▶ Excerpted data
_____

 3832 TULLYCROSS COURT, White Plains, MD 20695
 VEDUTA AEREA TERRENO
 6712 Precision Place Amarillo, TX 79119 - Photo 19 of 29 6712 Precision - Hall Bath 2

_____

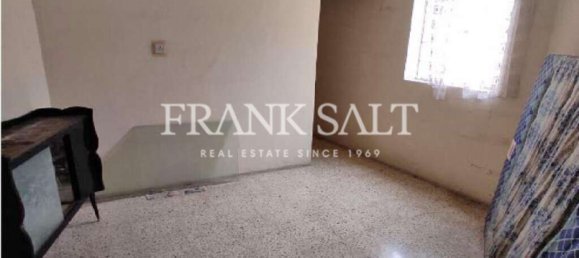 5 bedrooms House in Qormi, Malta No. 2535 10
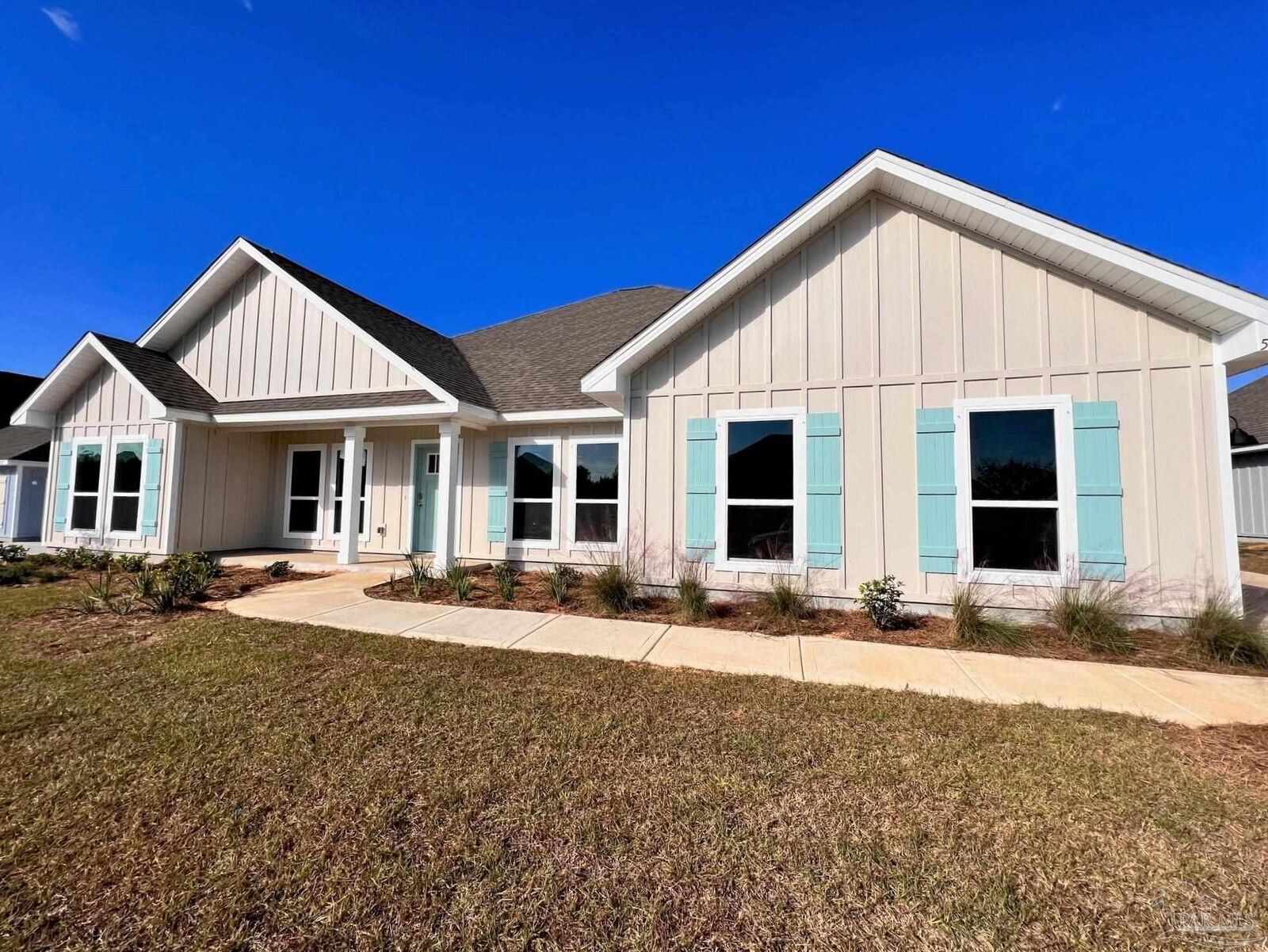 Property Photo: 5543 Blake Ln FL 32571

_____

▶ Work request
Begin at the line in the entries above that has "5 bedrooms House in Qormi, Malta No. 2535 10", stop after the line that has "Property Photo: 5543 Blake Ln FL 32571", and output exactly those lines without pictures.

▶ Result
 5 bedrooms House in Qormi, Malta No. 2535 10
 Property Photo: 5543 Blake Ln FL 32571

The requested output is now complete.